Climbing roses are popular plants, but to call them "climbing" is a bit of a stretch, as these plants do not truly climb. Instead, they produce very long or tall canes that must be supported with a trellis or other support structure. There are many types of climbing roses, from those that bloom all summer (ever-blooming) to plants that bloom only in the spring. Regardless of the type, all climbing roses have the same basic growing needs.
Plant in a location that has full sun for a minimum of six hours per day and has rich, well-draining soil.
Amend the soil with a 2- to 4-inch layer organic mulch such as peat moss or leaf mold before planting. Spread it over the planting site, then work the material into the soil to a depth at least that of the rootball or container of the rose.

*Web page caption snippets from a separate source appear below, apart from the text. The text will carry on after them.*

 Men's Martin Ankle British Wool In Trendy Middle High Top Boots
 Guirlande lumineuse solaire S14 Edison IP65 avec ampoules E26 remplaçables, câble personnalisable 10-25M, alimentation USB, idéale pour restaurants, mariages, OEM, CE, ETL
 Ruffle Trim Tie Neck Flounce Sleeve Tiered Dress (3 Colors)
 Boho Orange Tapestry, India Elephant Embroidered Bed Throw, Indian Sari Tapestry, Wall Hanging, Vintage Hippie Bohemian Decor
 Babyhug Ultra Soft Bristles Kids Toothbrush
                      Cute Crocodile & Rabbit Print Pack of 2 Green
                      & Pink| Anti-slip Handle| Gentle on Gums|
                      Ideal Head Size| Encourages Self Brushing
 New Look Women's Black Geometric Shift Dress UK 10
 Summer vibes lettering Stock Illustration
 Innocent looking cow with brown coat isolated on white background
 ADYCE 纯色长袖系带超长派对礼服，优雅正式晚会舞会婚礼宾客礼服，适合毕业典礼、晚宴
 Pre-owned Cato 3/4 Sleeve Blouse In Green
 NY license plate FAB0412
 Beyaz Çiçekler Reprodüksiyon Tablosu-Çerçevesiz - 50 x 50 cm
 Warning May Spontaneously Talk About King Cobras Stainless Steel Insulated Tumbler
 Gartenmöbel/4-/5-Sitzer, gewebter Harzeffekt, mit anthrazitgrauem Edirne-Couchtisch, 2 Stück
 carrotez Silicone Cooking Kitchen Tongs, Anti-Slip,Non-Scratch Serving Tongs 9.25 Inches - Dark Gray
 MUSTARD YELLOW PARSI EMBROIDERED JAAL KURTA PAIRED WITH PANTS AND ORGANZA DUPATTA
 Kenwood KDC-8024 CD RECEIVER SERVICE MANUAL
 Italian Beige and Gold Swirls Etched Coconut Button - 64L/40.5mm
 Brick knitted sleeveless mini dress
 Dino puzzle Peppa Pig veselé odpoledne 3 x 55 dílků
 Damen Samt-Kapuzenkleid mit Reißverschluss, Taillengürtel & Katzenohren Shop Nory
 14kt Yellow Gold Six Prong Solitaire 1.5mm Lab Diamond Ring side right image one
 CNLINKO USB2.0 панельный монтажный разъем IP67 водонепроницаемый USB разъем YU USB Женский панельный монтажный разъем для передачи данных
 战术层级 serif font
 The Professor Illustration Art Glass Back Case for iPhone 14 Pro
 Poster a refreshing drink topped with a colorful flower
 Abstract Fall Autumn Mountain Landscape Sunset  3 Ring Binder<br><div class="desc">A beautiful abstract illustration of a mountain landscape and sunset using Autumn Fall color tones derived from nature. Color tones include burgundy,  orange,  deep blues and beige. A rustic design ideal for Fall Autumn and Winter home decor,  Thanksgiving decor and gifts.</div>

Dig a hole as deep and wide as the rootball or container. Make sure there is room for the roots to spread out. Place the rose in the ground so that the bud union (which is like a big, swollen bump on the stem) is just above the surface of the soil.
Backfill the hole with the removed soil, then tamp it down gently and water it until the water stops quickly soaking into the ground. Prune the rose immediately back to about 7 inches above the bud union.
Provide a support structure for the climbing rose. Insert a freestanding trellis into the ground behind the rose or attach it to a wall. Tie the canes to the trellis as they grow.
Fertilize the climbing rose after the first flowers appear but not sooner. Apply a fertilizer formulated for roses according to the directions on the label.
Water deeply and slowly; a drip or soaking hose is best. Water enough so that the soil is continually barely moist. Do not let the soil around the rose dry out. Apply 3-inch layer of mulch to help the soil retain moisture and stifle weed growth.